__Directions__
The records below are to be restated word for word, with every picture left out.

__Dataset content__
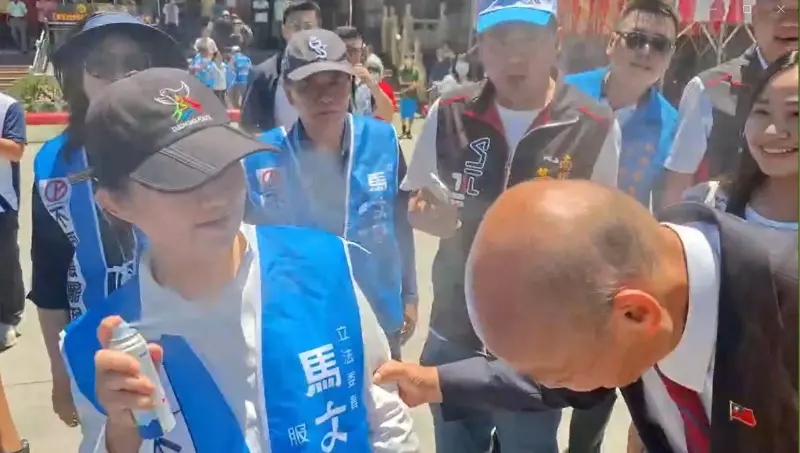 ▲韓國瑜抓著盧秀燕的手臂「討噴」，盧秀燕仔細地對著他的禿頭噴了一圈又一圈。（圖／讀者提供，2025.08.21）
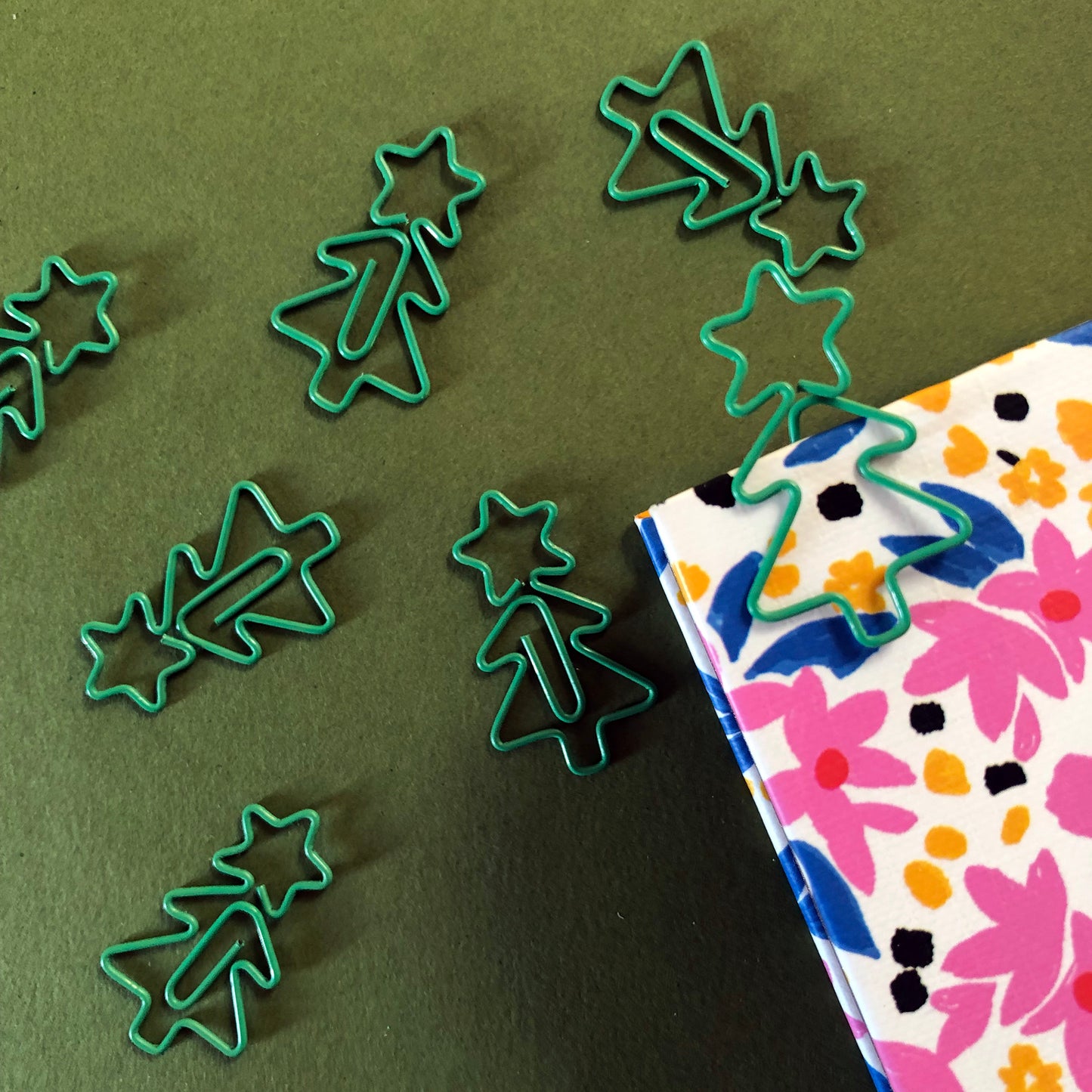 Image shows a collection of cute Christmas tree shaped paperclips on a green background.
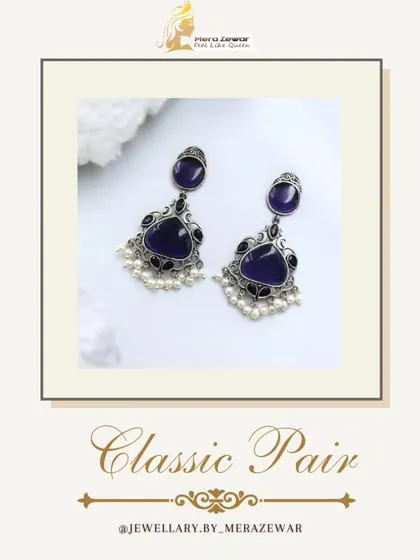 This classic pair of dangle earrings features a deep purple stone with a silver oxidized setting and delicate pearl accents. It's an elegant choice for any occasion.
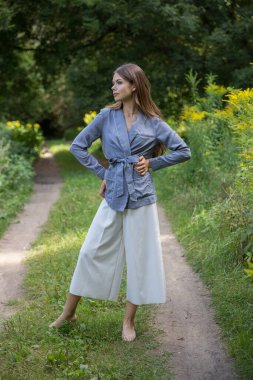 Güzel bir esmer yaz ormanı yolunda duruyor..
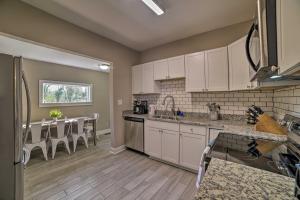 a kitchen with white cabinets and a dining table at Home with Hot Tub Less Than 2 Mi to Downtown Richmond! in Richmond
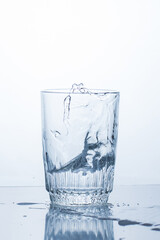 Alcoholic drink or water in a glass, splash, splash.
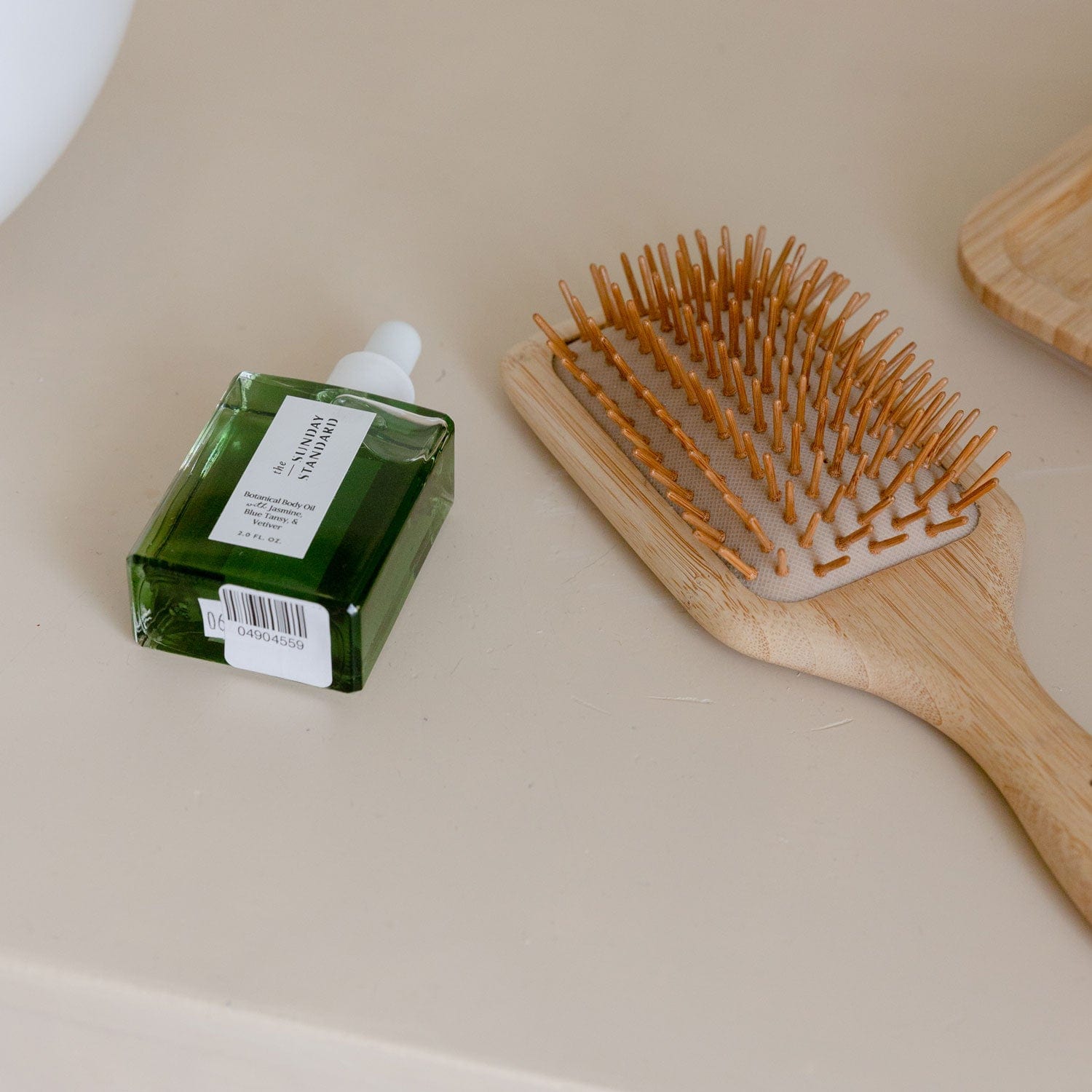 Green hair product bottle and wooden hairbrush on a beige surface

__Output for this task__
 ▲韓國瑜抓著盧秀燕的手臂「討噴」，盧秀燕仔細地對著他的禿頭噴了一圈又一圈。（圖／讀者提供，2025.08.21）
 Image shows a collection of cute Christmas tree shaped paperclips on a green background.
 This classic pair of dangle earrings features a deep purple stone with a silver oxidized setting and delicate pearl accents. It's an elegant choice for any occasion.
 Güzel bir esmer yaz ormanı yolunda duruyor..
 a kitchen with white cabinets and a dining table at Home with Hot Tub Less Than 2 Mi to Downtown Richmond! in Richmond
 Alcoholic drink or water in a glass, splash, splash.
 Green hair product bottle and wooden hairbrush on a beige surface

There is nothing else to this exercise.